Turning to Jesus helps when you feel powerlessPublished 9:03am Friday, May 31, 2013
By the Rev. Katie Fick
Hayward and Trondhjem Lutheran churches
“Illness has hung over my house for the last week, and yet here I am, preparing for a Sunday that brings us one of the many stories of Jesus healing someone,” — Luke 7:1-10
Here Jesus goes to Capernaum, and some Jewish elders meet him. There is a Roman centurion, a gentile and military leader, who has a slave that he values who is ill and close to death. These Jewish men appeal to Jesus to come and heal the slave of this man, who has been kind to the Jewish people. Jesus agrees to go with them, but before he can get to the house, some friends of the centurion come to Jesus and tell him he needn’t bother: the centurion is used to people simply doing what he says, and trusts that Jesus simply has the power to say the slave is healed and he will be. Jesus commends the centurion’s faith and the man’s friends return and find the slave in good health.
Which is an interesting story, and all well and good. Yet I admit: I find healing to be a mystery.
Healing, be it emotional, physical or spiritual, seems to happen in its own time. Sometimes it makes sense: You get strep, you take antibiotics, you get better. Other times it is mysterious: people get sick and we don’t know why, people get better and we don’t know why. We pray for those who are sick, and some get better, and some don’t. We don’t always understand.
And, of course, eventually we all die. All those people Jesus healed in the Bible aren’t still up walking around somewhere. They have since died, and one day, we will join them. We can’t stop or control or understand that, sometimes, too. But we don’t have to.
I enjoy that the Roman centurion in Luke’s story, a man who is used to making things happen, having things done for him at his word, a man who is in control, has to admit that he doesn’t have control in this situation. His slave is sick, and might very well die, and there is nothing he can do, no one he can order to make it OK. He has to, for all his power, admit his own helplessness in the situation. And so he and his friends turn to Jesus.

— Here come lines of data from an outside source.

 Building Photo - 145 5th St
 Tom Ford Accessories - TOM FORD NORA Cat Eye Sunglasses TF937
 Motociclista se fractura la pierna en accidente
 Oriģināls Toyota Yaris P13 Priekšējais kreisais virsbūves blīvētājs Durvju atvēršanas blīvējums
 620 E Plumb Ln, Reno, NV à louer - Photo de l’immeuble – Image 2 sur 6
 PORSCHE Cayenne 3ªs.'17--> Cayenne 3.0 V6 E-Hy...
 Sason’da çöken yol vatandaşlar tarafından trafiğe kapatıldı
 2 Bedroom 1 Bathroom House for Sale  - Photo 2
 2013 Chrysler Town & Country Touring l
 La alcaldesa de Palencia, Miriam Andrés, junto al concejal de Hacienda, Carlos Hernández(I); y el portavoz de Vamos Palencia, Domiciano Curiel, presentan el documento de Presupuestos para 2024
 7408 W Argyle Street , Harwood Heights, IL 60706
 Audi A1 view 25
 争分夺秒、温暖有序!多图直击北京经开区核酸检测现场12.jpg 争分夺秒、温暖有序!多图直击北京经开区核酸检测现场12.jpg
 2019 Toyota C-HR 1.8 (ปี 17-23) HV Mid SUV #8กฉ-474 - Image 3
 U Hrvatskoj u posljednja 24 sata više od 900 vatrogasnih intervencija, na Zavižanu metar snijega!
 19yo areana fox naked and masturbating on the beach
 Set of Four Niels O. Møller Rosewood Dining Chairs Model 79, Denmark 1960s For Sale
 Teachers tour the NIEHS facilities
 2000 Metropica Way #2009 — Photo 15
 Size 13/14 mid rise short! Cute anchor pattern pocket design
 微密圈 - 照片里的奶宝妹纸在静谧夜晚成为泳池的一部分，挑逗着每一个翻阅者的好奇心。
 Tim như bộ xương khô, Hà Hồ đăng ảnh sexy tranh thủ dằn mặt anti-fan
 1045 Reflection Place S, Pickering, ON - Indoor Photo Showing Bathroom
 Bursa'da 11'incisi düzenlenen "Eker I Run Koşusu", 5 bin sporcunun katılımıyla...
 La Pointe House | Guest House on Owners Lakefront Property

In the end that is often what I do, too. There are many times when we are helpless, when we don’t understand, when there is nothing more we can do, other than turn to Jesus, to trust in the one who preached and healed and died and was raised from the dead. To turn to Jesus and say, “Lord, I do not understand, but I entrust my life to you.” To trust that God will take care of us in life and in death, in sickness and in healing. This is not blind faith, this is seeing that there is much in the world we cannot grasp, admitting our limitations as human beings and acknowledging finally that we rely on God because we cannot on ourselves. We live into the mystery, trusting in God’s love and mercy no matter what happens to us.